** TASK STATEMENT **
Look through the listing below for the line containing "Jadwal Siaran Langsung". Copy it and each line after it up to and including the line containing "Filofax Botanical Organizer, Pocket", exactly, leaving out pictures.

EXCERPTED RECORDS section start

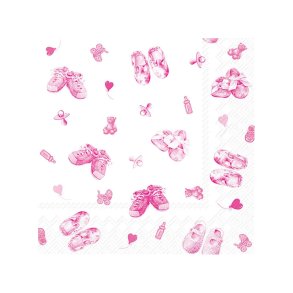 IHR - Frokostservietter - Baby Shoes Allover Light Rose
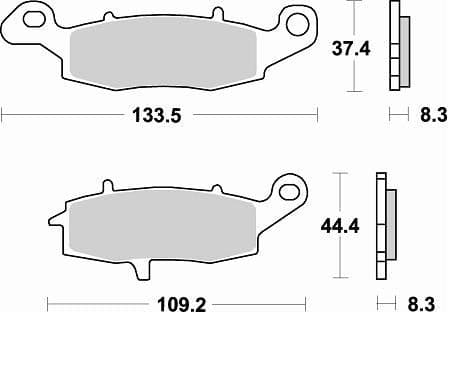 787SM1-Sunstar Sprockets and Chains-787SM1 Urban Series Semi-Metallic Pads Front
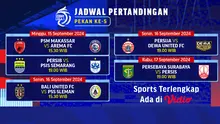 Jadwal Siaran Langsung BRI Liga 1 2024/25 Pekan Kelima di Vidio, 15-18 September 2024. (Sumber: dok. vidio.com)
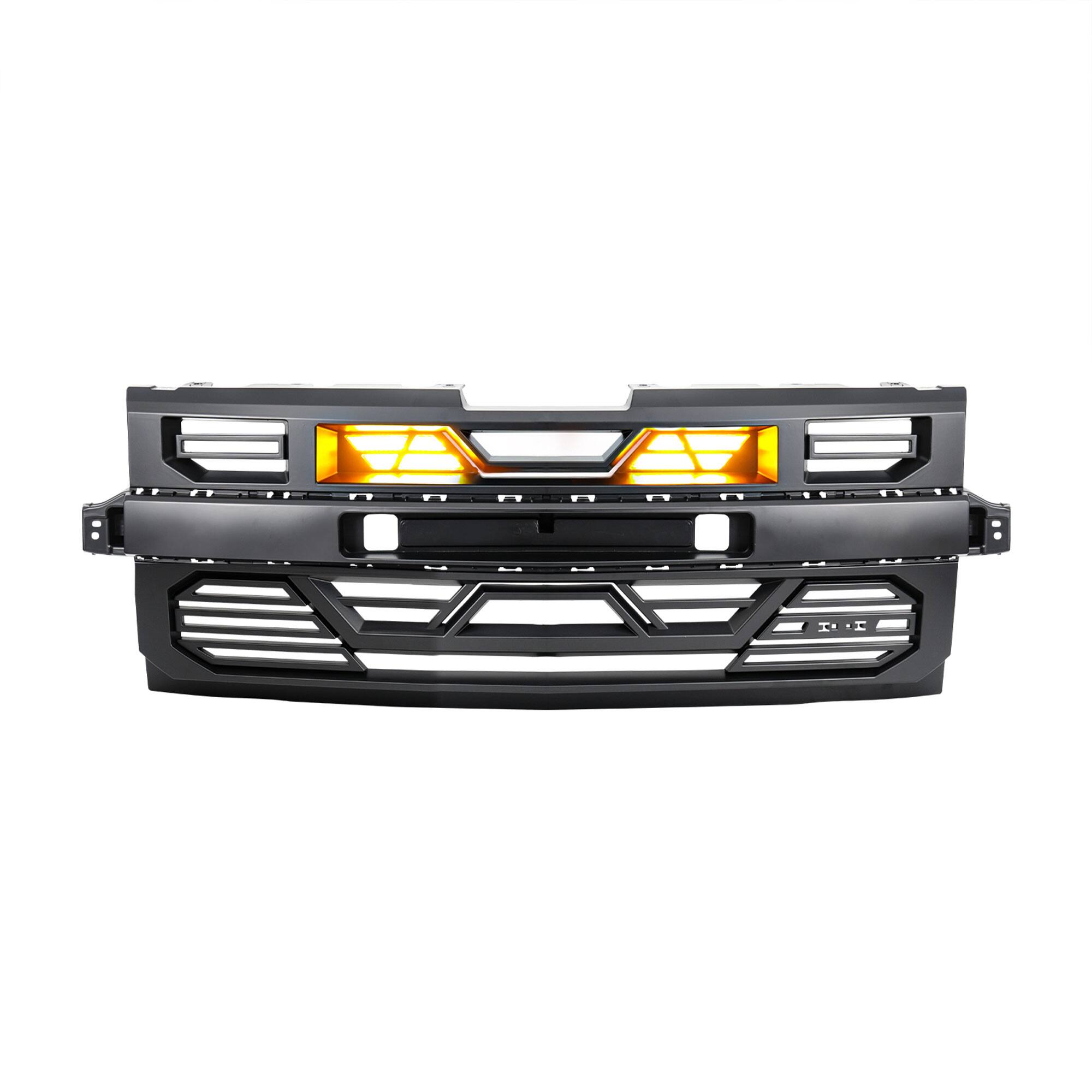 Alt View 7. AMERICAN MODIFIED - AMERICAN MODIFIED Grille w/Lights for 19-21 Chevy Silverado 1500, Matte Black - Matte Black.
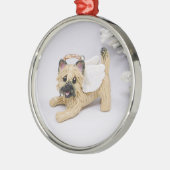 Cairn Terrier Angel kerstversiering Metalen Ornament (Links)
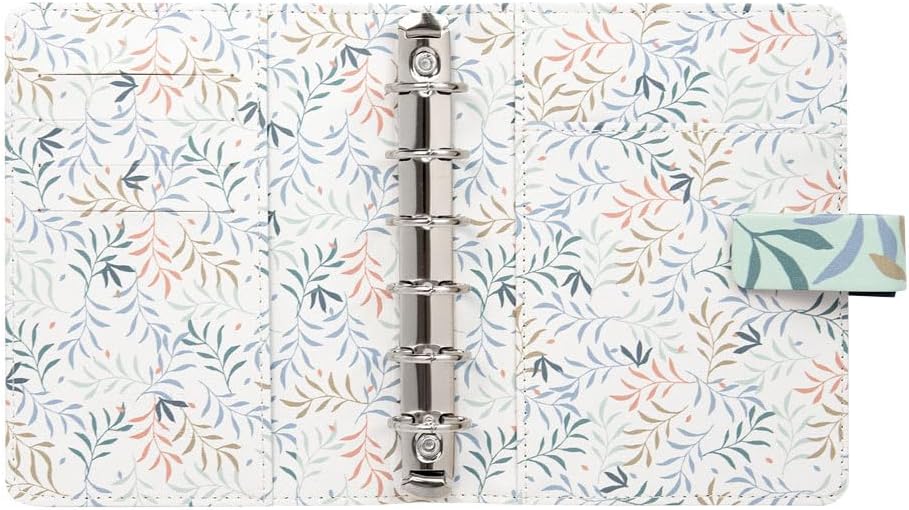 Filofax Botanical Organizer, Pocket Size, Mint - Smooth, Leather-Look, Six Rings, Week-to-View Calendar Diary, Multilingual, 2025 (C022647-25)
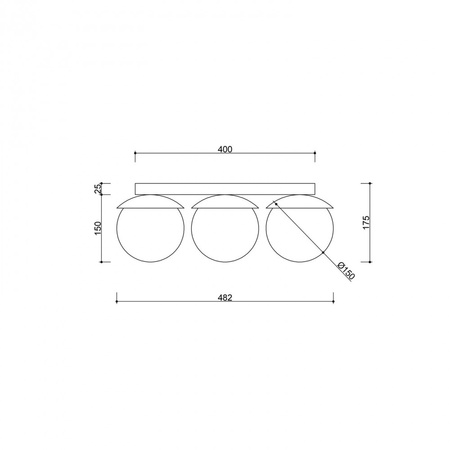 KUUL B czarna lampa sufitowa / plafon z podwyższoną szczelnością IP44 (KLB320S0) - Ummo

EXCERPTED RECORDS section end

** ANSWER **
 Jadwal Siaran Langsung BRI Liga 1 2024/25 Pekan Kelima di Vidio, 15-18 September 2024. (Sumber: dok. vidio.com)
 Alt View 7. AMERICAN MODIFIED - AMERICAN MODIFIED Grille w/Lights for 19-21 Chevy Silverado 1500, Matte Black - Matte Black.
 Cairn Terrier Angel kerstversiering Metalen Ornament (Links)
 Filofax Botanical Organizer, Pocket Size, Mint - Smooth, Leather-Look, Six Rings, Week-to-View Calendar Diary, Multilingual, 2025 (C022647-25)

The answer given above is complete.